That is to say, they have a pre-existing interest in this process. What they are looking for is a course that teaches tool use. An analogy would be teaching an established carpenter who has been using a hand saw to build a table, but wants to learn how to use an electric table saw. The carpenter knows how the pieces of wood are going to look before and after they get cut—but now they have a tool to make that process of cutting the wood more efficient.

In the courses I have been teaching as part of the University of Victoria Continuing Studies Business Intelligence and Data Analytics series6, we start with some foundational skills but quickly move to applications of those skills. Towards the end of the course, the participants tackle a project where they follow the data science workflow, from raw data to polished reports, including modeling and visualizations. For some participants, they use pre-structured projects I have assembled. But I leave open the option to bring a workflow from their workplace or a project from their other courses—they can apply their newly honed skills to something immediately relevant.

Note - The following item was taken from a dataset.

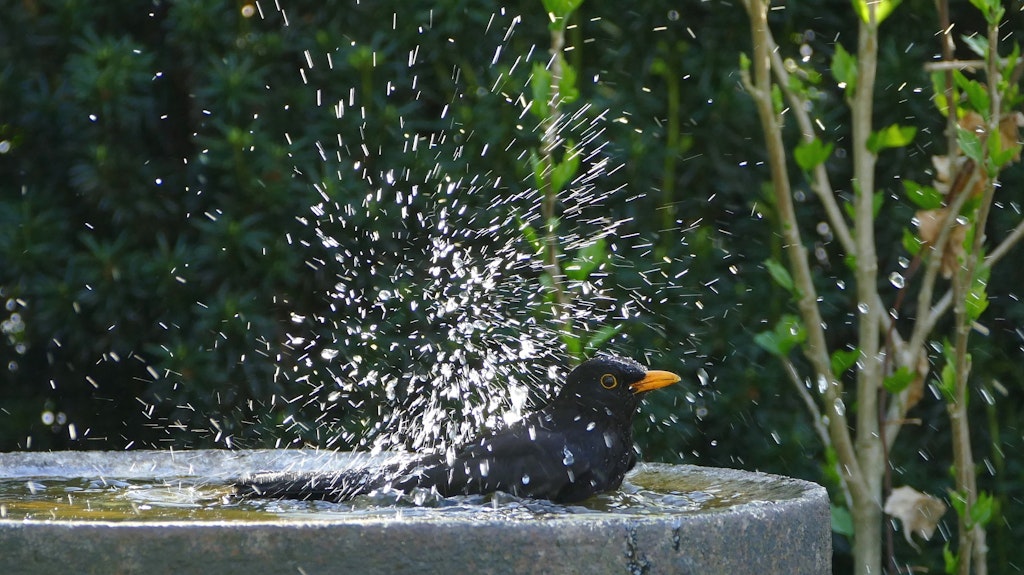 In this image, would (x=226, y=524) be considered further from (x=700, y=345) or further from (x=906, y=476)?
(x=906, y=476)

I have been a participant in similarly structured one- and two-day workshops where I have benefited from this hands-on applied approach. In courses and workshops like this, the skills become much more familiar. We learn, rather than being taught.

Staying on top of things

In addition to formal training, there are, I think, three ways that we can approach self-directed learning to keep up-to-date with what’s happening in the field. The three are not mutually exclusive: there’s a strong argument to be made that they are inextricably intertwined.

Open content

Papers in a prestigious peer-reviewed journals has long been a way to stay apprised of the frontiers of knowledge in our chosen discpline. But for many of us, once we leave the academy, these publications are locked behind paywalls.7

Fortunately, there are now more open preprints and blog articles from which we can learn. As an example, R-bloggers is an aggregator of blog articles written about R.

A collection of peer-reviewed articles that focused on some of the elements of this paradigm shift is the special issue of The American Statistician on Data Science (Volume 72, Issue 1, 2018). While some of the authors have paid (out of their own pockets) the ransom to release their papers, preprints of these same papers have been made freely available.

There is also a proliferation of text books, which in addition to being printed on paper, are freely available online.8() As well, many have a subject-matter emphasis, or ar focussed on a specific technique or methodology.9 This shift in copyright has been of immeasurable benefit.

From a learner’s perspective, one of the most valuable changes has been that there are more and more course resources being made available. My introduction to this was when I was learning R, and I stumbled across the STAT545 website. This course is about using R for “everything that comes up during data analysis except for statistical modelling and inference.” [Emphasis in the original!] I still refer to this site regularly, and since then I have also found a variety of other open education resources that fill niche needs in my own learning. In addition to the lessons and the code, these sites often include the source data files.10

And in the spirit of paying it forward, I have made the materials for the course I teach available under an open license. I’m confident it doesn’t get the same traffic as STAT545, but it serves as a reference resource for participants in the course—after they have finished the course they can keep abreast of changes, as I modify the content to incorporate the latest changes in the R ecosystem.

Conferences

Conferences give us a chance to learn from our peers, who are giving talks on new topics, which are often a precursor to one of those journal articles.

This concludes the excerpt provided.